WHAT IS BEING ASKED: The records that follow are to be given again exactly. Do not carry over any image.

>>>

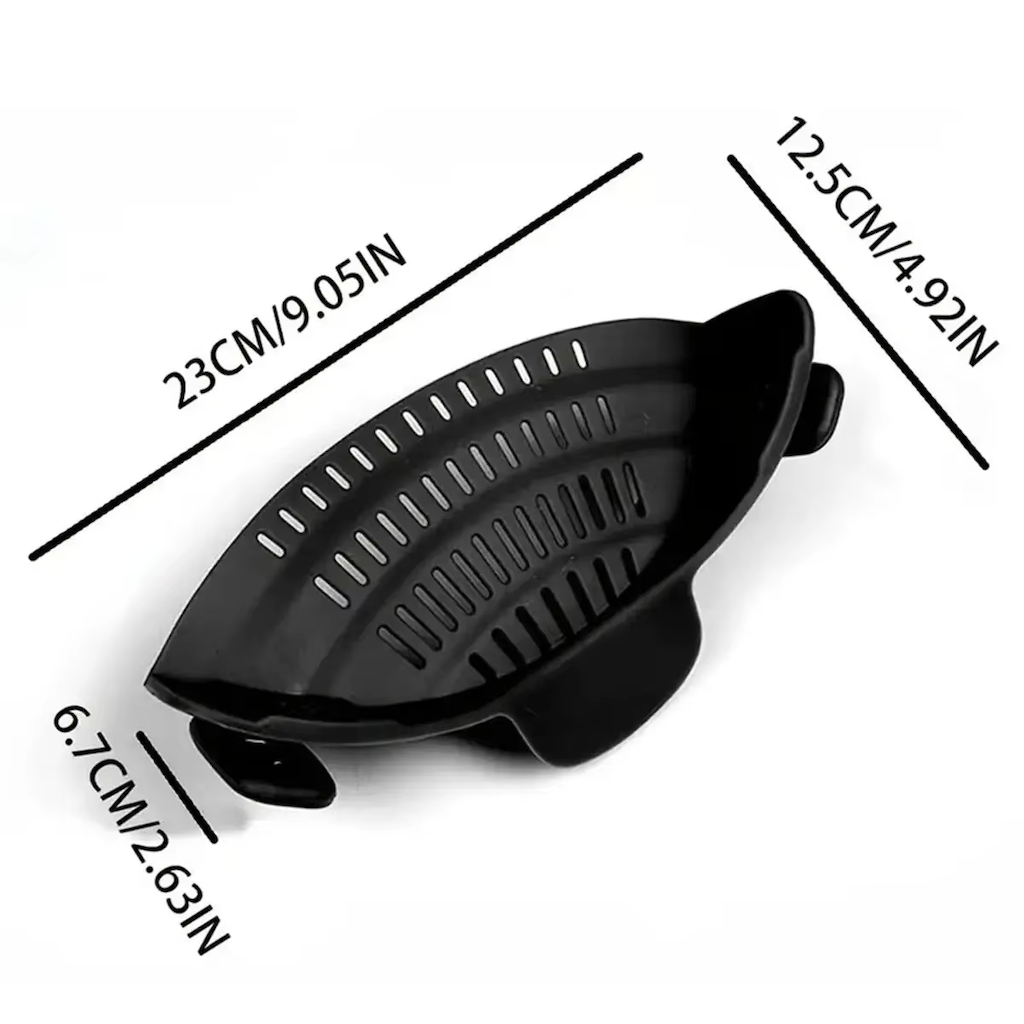 Universal Silicone Clip-On Strainer: Effortlessly Strain Pots & Pans - No More Messes!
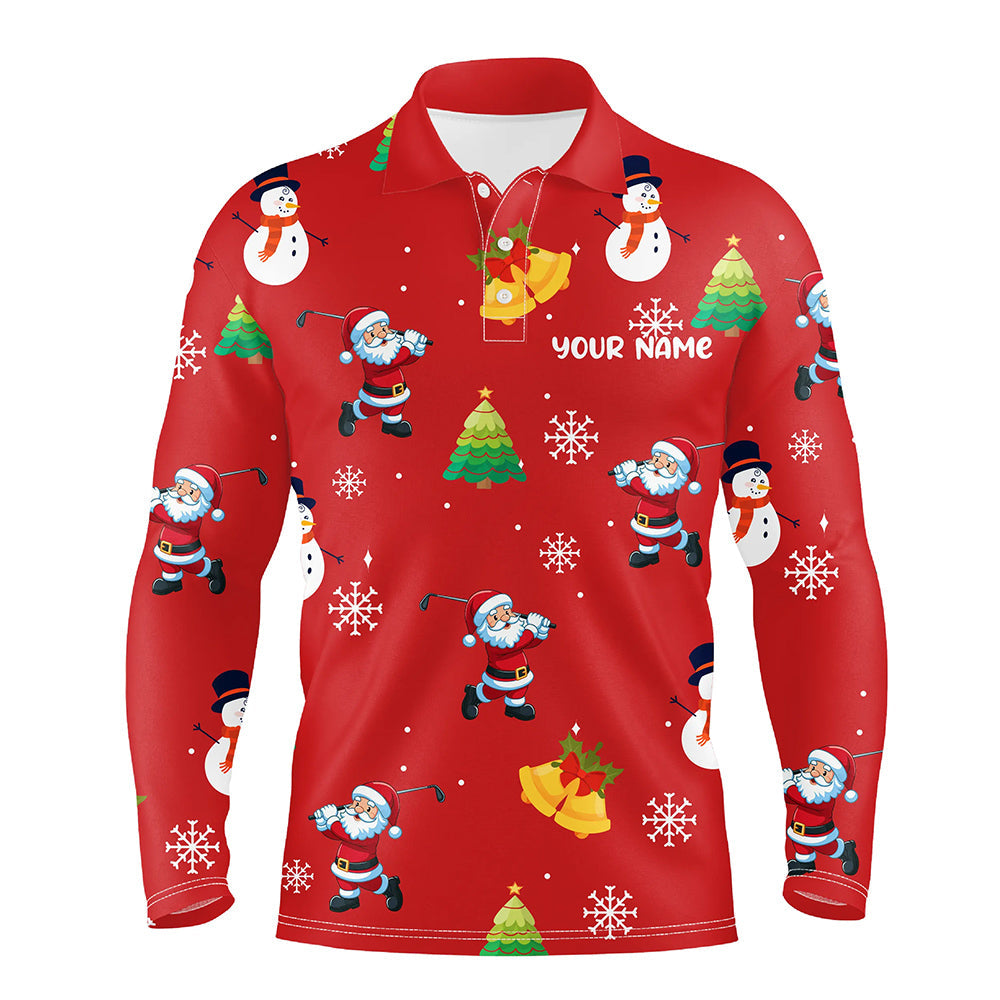 Funny Santa Red Christmas Pattern Golf Polo Shirt Custom Golf Tops Best Golfing Gifts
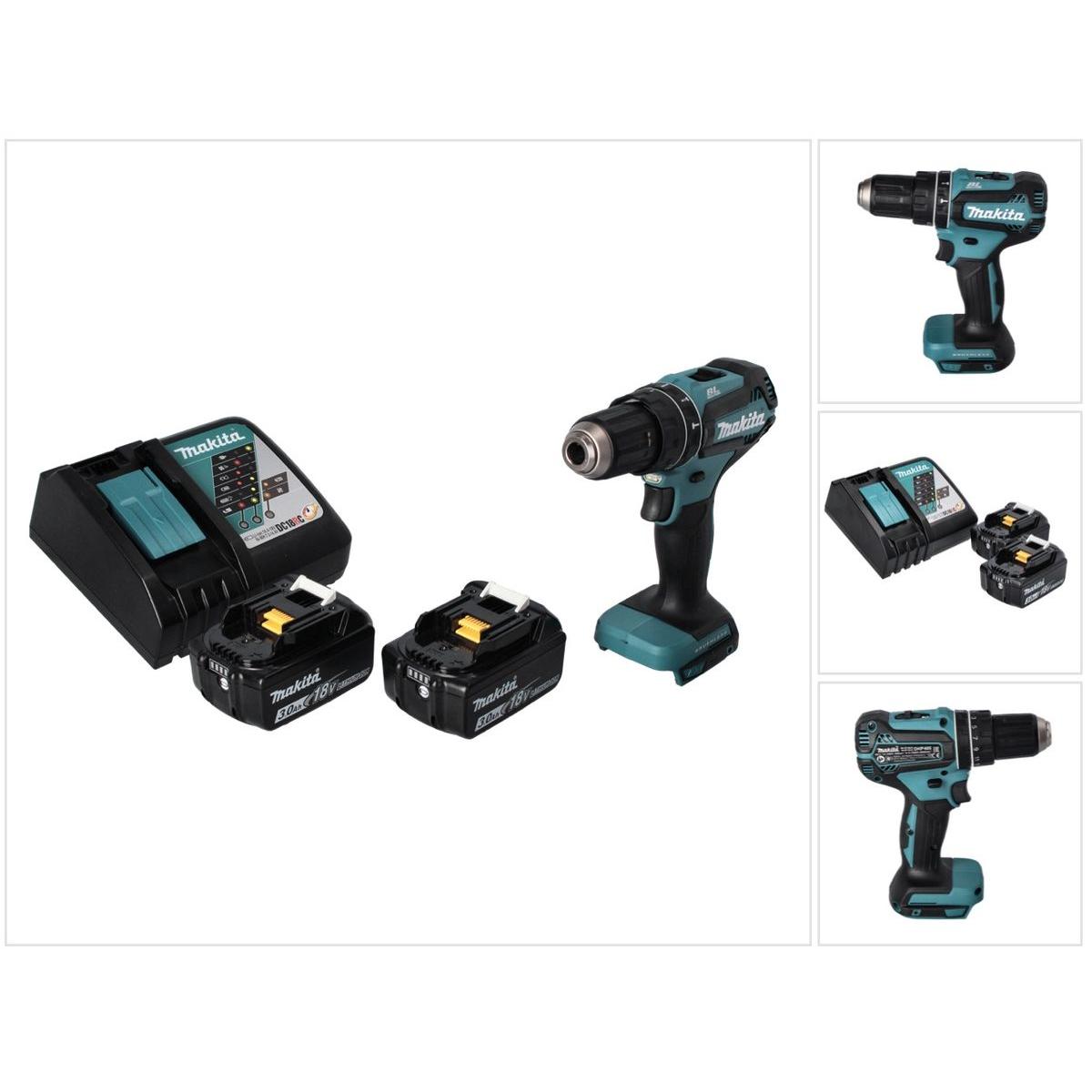 Thumbnail - Makita, Bohrmaschine + Akkuschrauber, DHP 485 RF Akku Schlagbohrschrauber 18 V 50 Nm Brushless + 2x Akku 3,0 Ah + Ladege...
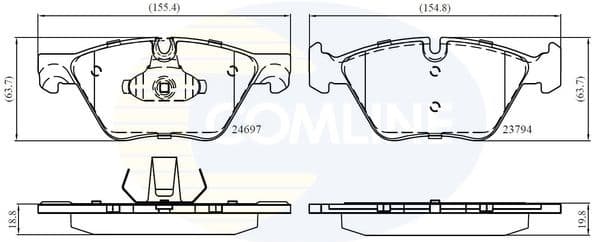Brake pads front CBP06075 - image 2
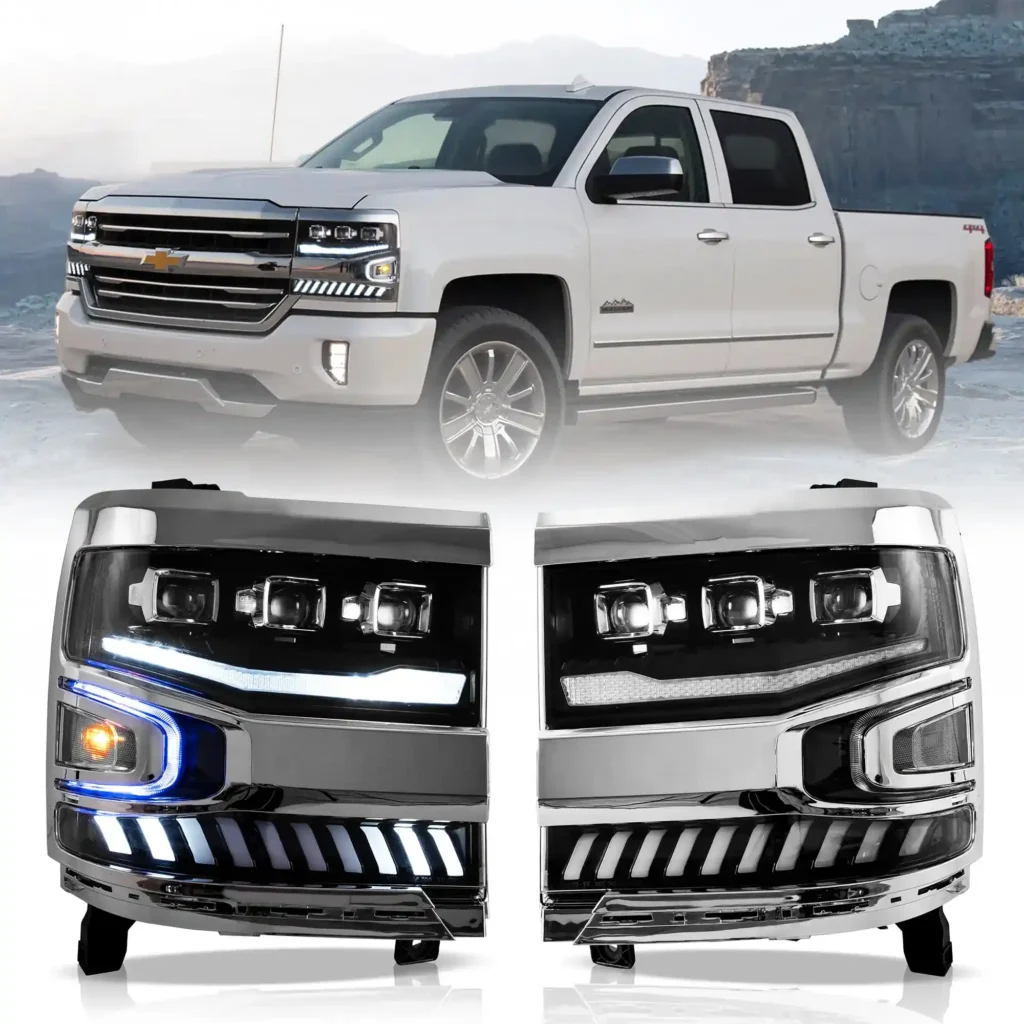 2016-2018 Silverado 1500 Headlights Custom With Dual Projector Chrome C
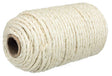 Beige Rolle aus geflochtenem Seil mit sichtbarem Pappkern, rund und kompakt gewickelt.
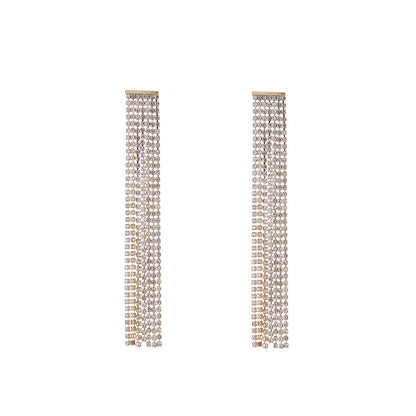Simple Style Tassel Drop Earrings For Women With 925 Sterling Silver Ear Pins And Rhinestone Inlay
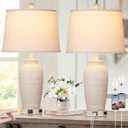 24.3" Farmhouse Jar Table Lamps Set of 2, 3 Way Touch Control Rustic Bedside Lamps with USB A+C Ports & AC Outlet, Pot Nightstand Lamps for Bedroom Living Room (LED Bulbs Included) (Cream)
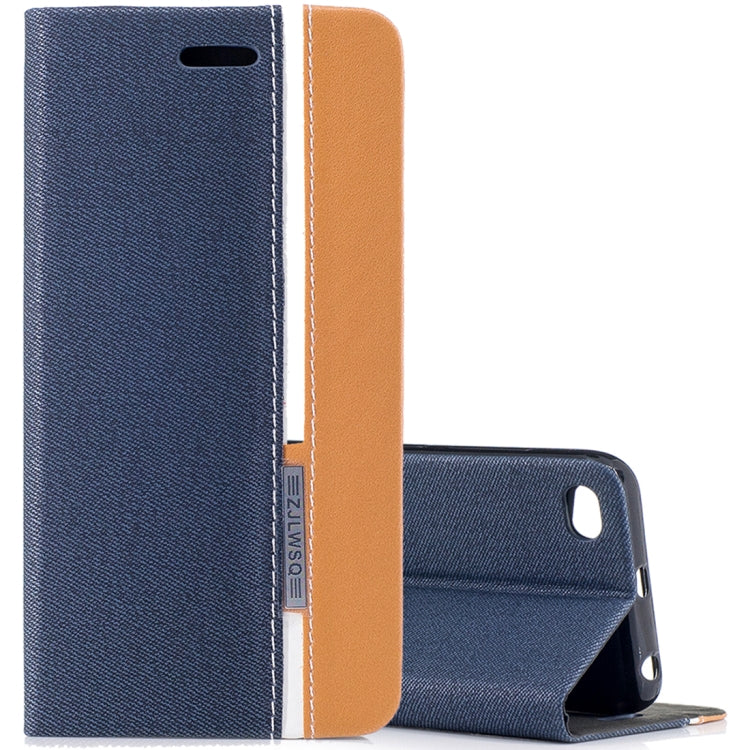 For Xiaomi Redmi 5A Contrast Color Canvas Texture Horizontal Flip Leather Case with Holder & Card Slot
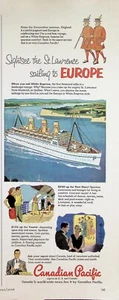 VINTAGE 1950s Print Ad ~ Canadian Pacific ~ Sightsee the St. Lawrence... - Picture 1 of 1
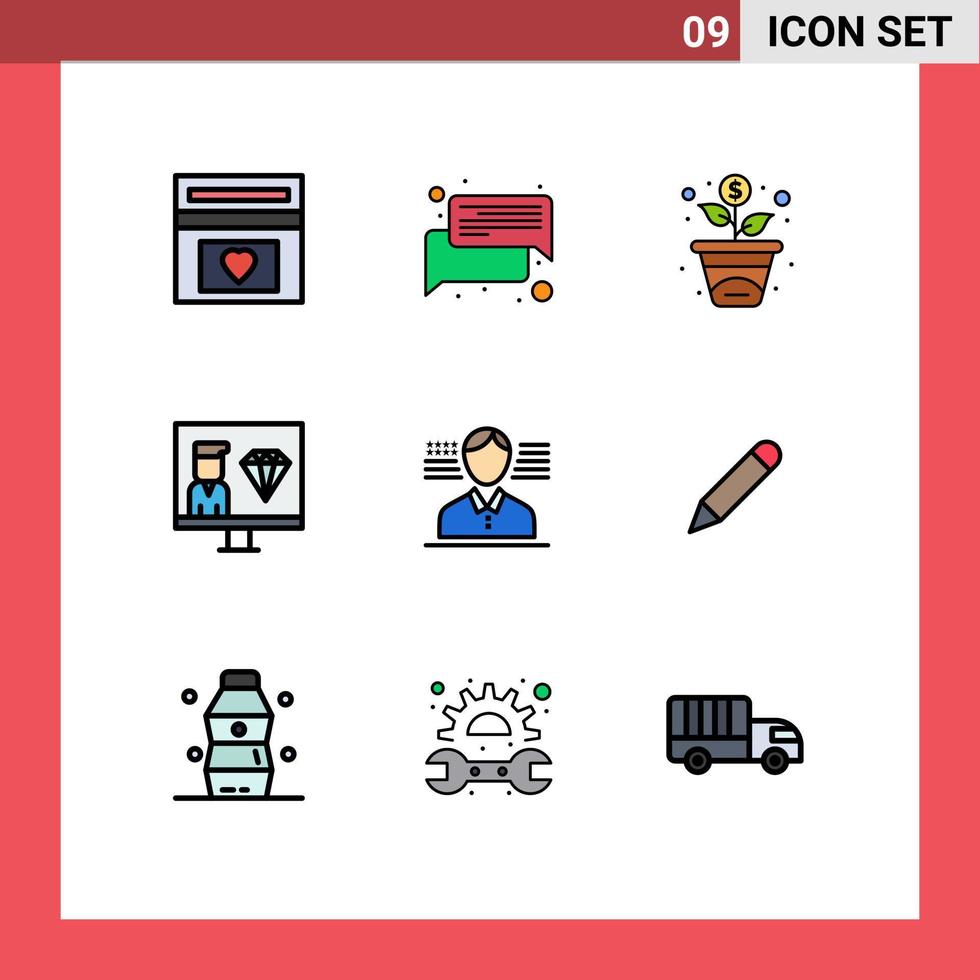 Set of 9 Modern UI Icons Symbols Signs for man programmer message development coding Editable Vector Design Elements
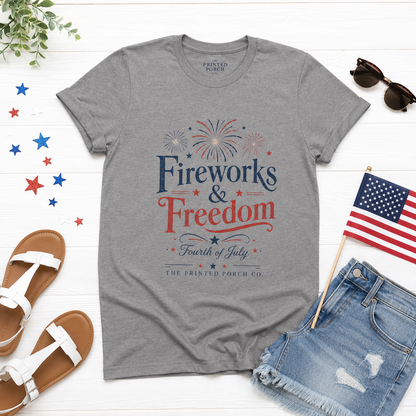 Freedom Fireworks T-Shirt — Vintage Patriotic 4th of July Tee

<<<

EXPECTED ANSWER:
 Universal Silicone Clip-On Strainer: Effortlessly Strain Pots & Pans - No More Messes!
 Funny Santa Red Christmas Pattern Golf Polo Shirt Custom Golf Tops Best Golfing Gifts
 Thumbnail - Makita, Bohrmaschine + Akkuschrauber, DHP 485 RF Akku Schlagbohrschrauber 18 V 50 Nm Brushless + 2x Akku 3,0 Ah + Ladege...
Brake pads front CBP06075 - image 2
 2016-2018 Silverado 1500 Headlights Custom With Dual Projector Chrome C
 Beige Rolle aus geflochtenem Seil mit sichtbarem Pappkern, rund und kompakt gewickelt.
Simple Style Tassel Drop Earrings For Women With 925 Sterling Silver Ear Pins And Rhinestone Inlay
 24.3" Farmhouse Jar Table Lamps Set of 2, 3 Way Touch Control Rustic Bedside Lamps with USB A+C Ports & AC Outlet, Pot Nightstand Lamps for Bedroom Living Room (LED Bulbs Included) (Cream)
 For Xiaomi Redmi 5A Contrast Color Canvas Texture Horizontal Flip Leather Case with Holder & Card Slot
 VINTAGE 1950s Print Ad ~ Canadian Pacific ~ Sightsee the St. Lawrence... - Picture 1 of 1
 Set of 9 Modern UI Icons Symbols Signs for man programmer message development coding Editable Vector Design Elements
 Freedom Fireworks T-Shirt — Vintage Patriotic 4th of July Tee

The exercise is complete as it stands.